===== GIVEN DATA

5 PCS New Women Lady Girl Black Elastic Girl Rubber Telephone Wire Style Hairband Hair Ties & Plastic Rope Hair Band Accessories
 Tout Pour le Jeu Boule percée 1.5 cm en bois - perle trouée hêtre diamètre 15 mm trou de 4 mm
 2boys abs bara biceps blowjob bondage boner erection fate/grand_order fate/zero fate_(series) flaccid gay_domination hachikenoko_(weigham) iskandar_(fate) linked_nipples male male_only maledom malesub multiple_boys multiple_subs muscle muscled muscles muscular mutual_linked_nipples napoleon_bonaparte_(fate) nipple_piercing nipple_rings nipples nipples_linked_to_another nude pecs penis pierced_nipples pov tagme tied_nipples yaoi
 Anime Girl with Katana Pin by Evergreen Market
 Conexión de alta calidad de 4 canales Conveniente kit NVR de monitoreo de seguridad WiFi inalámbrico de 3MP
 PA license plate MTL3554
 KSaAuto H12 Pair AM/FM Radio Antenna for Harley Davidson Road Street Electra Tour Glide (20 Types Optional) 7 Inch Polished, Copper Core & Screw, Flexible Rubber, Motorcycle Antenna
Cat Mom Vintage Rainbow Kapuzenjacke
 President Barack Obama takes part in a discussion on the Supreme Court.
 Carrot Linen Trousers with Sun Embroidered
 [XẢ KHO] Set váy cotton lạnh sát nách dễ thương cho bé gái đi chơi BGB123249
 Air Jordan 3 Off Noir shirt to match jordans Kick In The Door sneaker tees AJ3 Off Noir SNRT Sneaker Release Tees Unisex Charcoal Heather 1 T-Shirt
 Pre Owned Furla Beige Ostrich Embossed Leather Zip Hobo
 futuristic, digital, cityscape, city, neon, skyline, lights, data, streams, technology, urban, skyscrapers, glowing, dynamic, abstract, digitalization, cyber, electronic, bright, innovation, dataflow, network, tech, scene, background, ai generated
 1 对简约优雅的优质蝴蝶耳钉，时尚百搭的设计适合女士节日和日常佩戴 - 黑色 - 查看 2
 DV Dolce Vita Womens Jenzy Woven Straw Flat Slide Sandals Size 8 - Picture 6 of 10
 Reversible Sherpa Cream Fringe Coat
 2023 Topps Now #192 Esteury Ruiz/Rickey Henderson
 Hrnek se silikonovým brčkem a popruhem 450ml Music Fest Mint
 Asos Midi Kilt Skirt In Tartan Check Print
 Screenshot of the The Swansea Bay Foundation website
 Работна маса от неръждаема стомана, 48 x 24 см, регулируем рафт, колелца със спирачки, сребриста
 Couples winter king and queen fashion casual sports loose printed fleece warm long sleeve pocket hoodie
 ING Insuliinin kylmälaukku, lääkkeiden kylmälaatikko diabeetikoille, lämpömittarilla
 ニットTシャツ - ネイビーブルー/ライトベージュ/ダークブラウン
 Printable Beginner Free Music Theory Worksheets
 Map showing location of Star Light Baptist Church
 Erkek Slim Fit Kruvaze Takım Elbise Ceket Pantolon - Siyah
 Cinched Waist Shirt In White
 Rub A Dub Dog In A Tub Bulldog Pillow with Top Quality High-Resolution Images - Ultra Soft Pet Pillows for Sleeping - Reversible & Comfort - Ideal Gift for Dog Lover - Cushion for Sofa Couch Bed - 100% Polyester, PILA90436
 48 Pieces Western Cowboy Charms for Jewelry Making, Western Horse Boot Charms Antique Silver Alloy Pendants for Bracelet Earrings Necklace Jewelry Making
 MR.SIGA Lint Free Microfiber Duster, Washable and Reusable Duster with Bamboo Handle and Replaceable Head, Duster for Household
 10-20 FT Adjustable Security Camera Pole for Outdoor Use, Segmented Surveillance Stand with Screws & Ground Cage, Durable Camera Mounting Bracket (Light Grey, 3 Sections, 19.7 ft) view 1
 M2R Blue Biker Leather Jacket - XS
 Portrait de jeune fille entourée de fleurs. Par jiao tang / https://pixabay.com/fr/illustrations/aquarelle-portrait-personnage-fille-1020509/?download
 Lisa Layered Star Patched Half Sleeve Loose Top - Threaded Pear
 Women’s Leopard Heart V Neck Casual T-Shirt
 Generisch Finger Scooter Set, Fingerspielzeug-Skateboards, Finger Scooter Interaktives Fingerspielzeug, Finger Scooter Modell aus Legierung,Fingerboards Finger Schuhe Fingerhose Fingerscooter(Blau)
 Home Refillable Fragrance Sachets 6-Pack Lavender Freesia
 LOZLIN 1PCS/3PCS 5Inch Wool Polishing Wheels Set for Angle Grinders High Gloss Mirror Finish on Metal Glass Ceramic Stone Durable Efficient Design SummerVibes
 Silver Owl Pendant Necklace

==========

§ ACTIVITY: Looking at the data above, return every line from the one with "2boys abs bara" down to the one with "[XẢ KHO] Set", exactly and inclusively.

§ FINISHED TASK:
 2boys abs bara biceps blowjob bondage boner erection fate/grand_order fate/zero fate_(series) flaccid gay_domination hachikenoko_(weigham) iskandar_(fate) linked_nipples male male_only maledom malesub multiple_boys multiple_subs muscle muscled muscles muscular mutual_linked_nipples napoleon_bonaparte_(fate) nipple_piercing nipple_rings nipples nipples_linked_to_another nude pecs penis pierced_nipples pov tagme tied_nipples yaoi
 Anime Girl with Katana Pin by Evergreen Market
 Conexión de alta calidad de 4 canales Conveniente kit NVR de monitoreo de seguridad WiFi inalámbrico de 3MP
 PA license plate MTL3554
 KSaAuto H12 Pair AM/FM Radio Antenna for Harley Davidson Road Street Electra Tour Glide (20 Types Optional) 7 Inch Polished, Copper Core & Screw, Flexible Rubber, Motorcycle Antenna
Cat Mom Vintage Rainbow Kapuzenjacke
 President Barack Obama takes part in a discussion on the Supreme Court.
 Carrot Linen Trousers with Sun Embroidered
 [XẢ KHO] Set váy cotton lạnh sát nách dễ thương cho bé gái đi chơi BGB123249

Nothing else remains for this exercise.